A new attempt to predict earthquakes with the aid of artificial intelligence has raised hopes that the technology could one day be used to limit earthquakes’ impact on lives and economies. Developed by researchers at The University of Texas at Austin, the AI algorithm correctly predicted 70% of earthquakes a week before they happened during a seven-month trial in China.
The AI was trained to detect statistical bumps in real-time seismic data that researchers had paired with previous earthquakes. The outcome was a weekly forecast in which the AI successfully predicted 14 earthquakes within about 200 miles of where it estimated they would happen and at almost exactly the calculated strength. It missed one earthquake and gave eight false warnings.
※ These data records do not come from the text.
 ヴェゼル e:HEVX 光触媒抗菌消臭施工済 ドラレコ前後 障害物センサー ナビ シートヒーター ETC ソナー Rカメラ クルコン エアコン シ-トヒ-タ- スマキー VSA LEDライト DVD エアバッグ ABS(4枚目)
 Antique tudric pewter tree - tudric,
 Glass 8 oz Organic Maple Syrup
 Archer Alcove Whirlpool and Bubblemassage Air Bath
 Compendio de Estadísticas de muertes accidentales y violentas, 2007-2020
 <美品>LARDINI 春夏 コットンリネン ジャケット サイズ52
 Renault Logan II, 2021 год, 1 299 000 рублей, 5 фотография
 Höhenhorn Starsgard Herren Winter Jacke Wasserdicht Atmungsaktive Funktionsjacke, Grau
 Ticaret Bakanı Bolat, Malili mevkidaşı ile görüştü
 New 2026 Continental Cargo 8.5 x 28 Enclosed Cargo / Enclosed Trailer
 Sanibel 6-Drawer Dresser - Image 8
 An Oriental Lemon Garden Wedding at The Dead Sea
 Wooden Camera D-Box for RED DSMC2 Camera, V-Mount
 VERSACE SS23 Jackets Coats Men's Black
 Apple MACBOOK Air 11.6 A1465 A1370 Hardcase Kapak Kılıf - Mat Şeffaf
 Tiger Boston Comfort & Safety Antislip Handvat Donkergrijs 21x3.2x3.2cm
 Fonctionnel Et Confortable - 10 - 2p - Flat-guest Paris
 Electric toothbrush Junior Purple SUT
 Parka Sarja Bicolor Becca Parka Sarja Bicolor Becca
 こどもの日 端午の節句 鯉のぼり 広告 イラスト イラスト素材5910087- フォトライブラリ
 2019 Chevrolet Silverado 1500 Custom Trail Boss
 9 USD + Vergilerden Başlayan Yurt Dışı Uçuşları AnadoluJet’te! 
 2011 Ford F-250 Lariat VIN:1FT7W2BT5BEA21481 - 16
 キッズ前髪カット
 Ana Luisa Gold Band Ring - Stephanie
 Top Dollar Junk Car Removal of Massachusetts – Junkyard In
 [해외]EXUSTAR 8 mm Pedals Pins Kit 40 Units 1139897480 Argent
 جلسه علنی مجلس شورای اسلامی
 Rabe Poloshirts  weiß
It’s not yet known if the same approach will work at other locations, but the effort is a milestone in research for AI-driven earthquake forecasting.
“Predicting earthquakes is the holy grail,” said Sergey Fomel, a professor in UT’s Bureau of Economic Geology and a member of the research team. “We’re not yet close to making predictions for anywhere in the world, but what we achieved tells us that what we thought was an impossible problem is solvable in principle.”
The trial was part of an international competition held in China in which the UT-developed AI came first out of 600 other designs. UT’s entry was led by bureau seismologist and the AI’s lead developer, Yangkang Chen. Findings from the trial are published in the journal Bulletin of the Seismological Society of America.